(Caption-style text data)
============
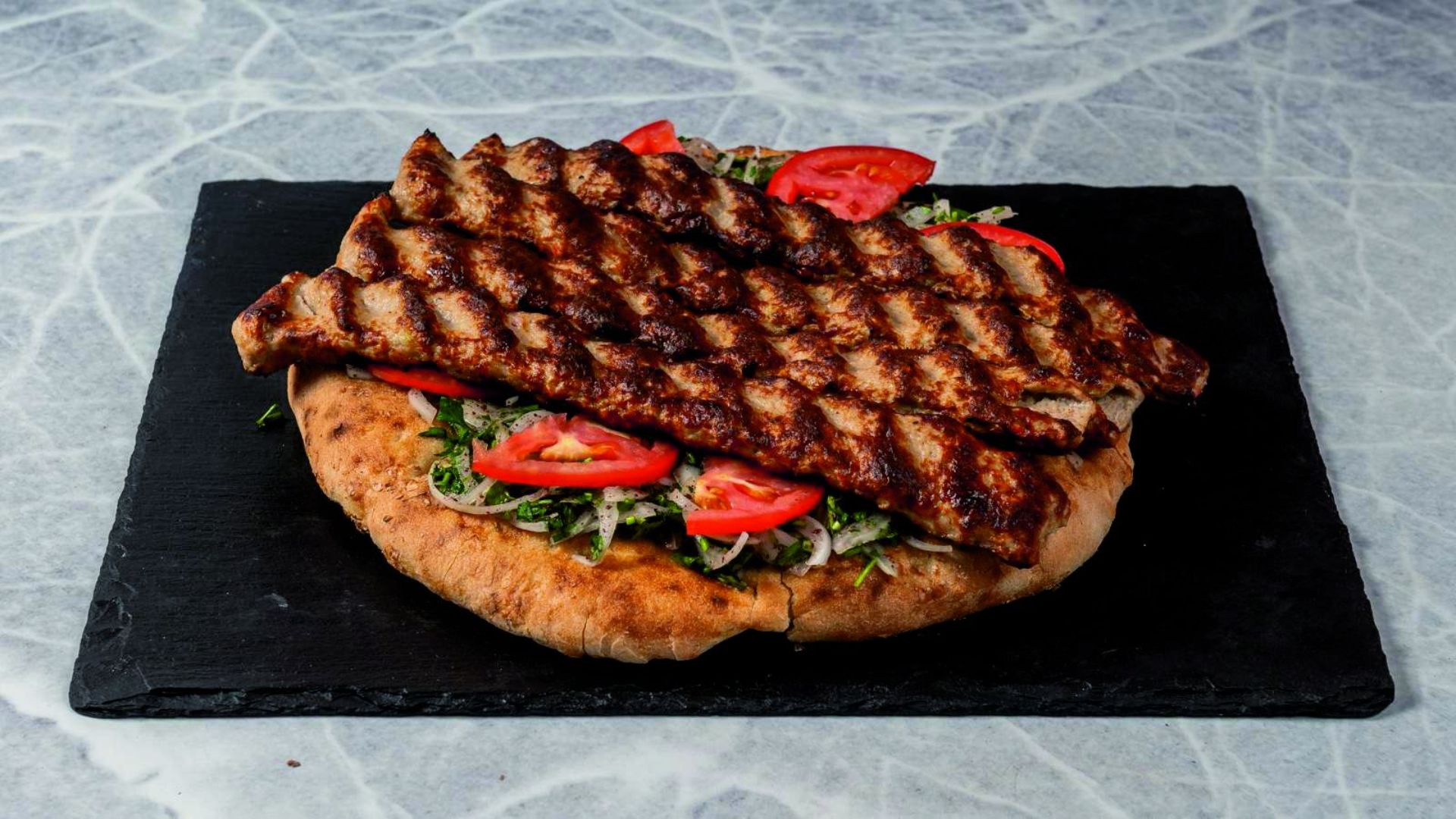Persian food you can make at home.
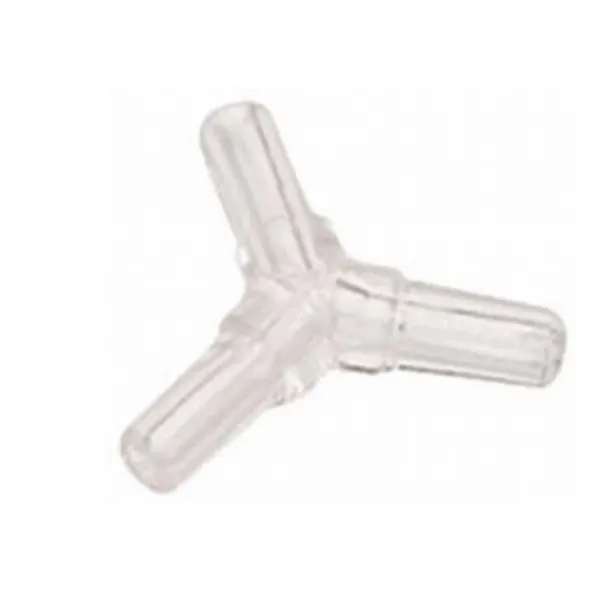 Piesa furtun Hobby in forma de Y 4/6 mm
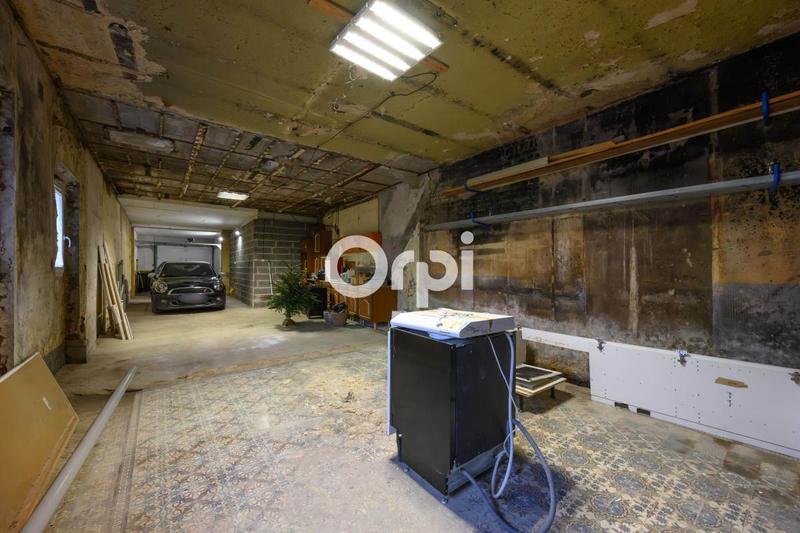 Maison - 103 m² - 4 pièces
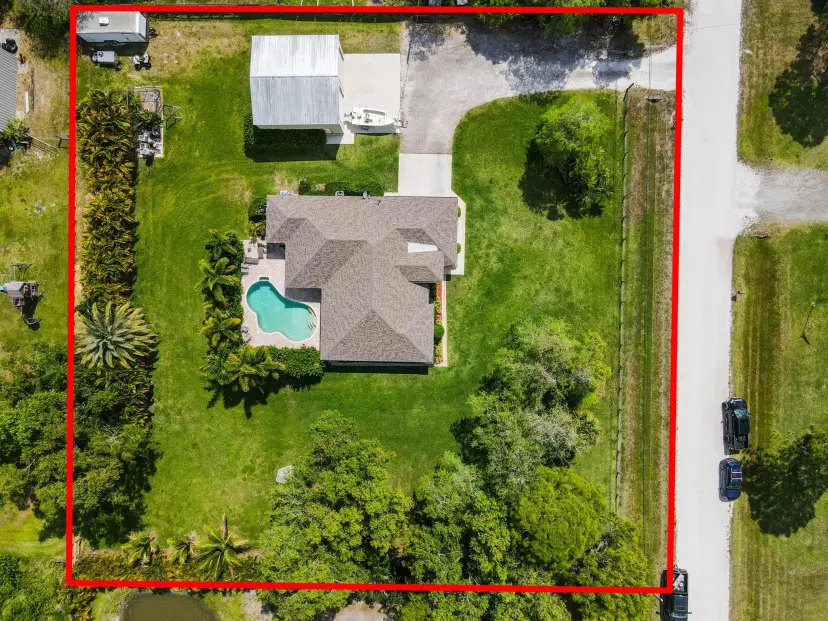 Picture of 17579 48Th Court N, Loxahatchee FL 33470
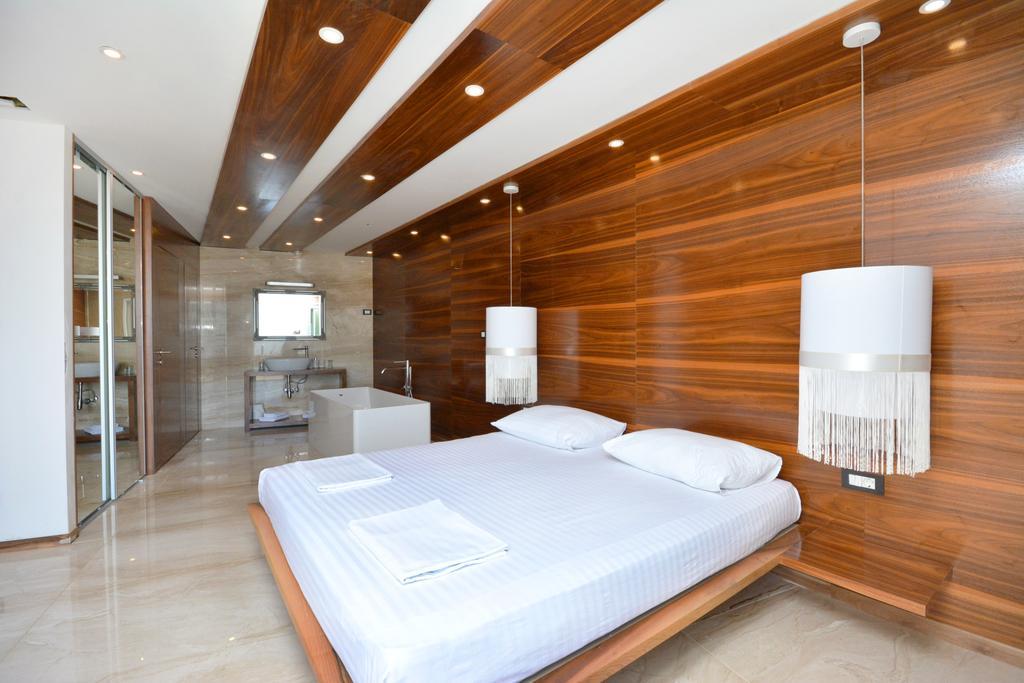 Villa View 4 You Podstrana Extérieur photo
============
Repeat verbatim the range of lines that opens at the line containing "Maison - 103 m² - 4 pièces" and closes at the last line of the entries, excluding all pictures.

 Maison - 103 m² - 4 pièces
 Picture of 17579 48Th Court N, Loxahatchee FL 33470
 Villa View 4 You Podstrana Extérieur photo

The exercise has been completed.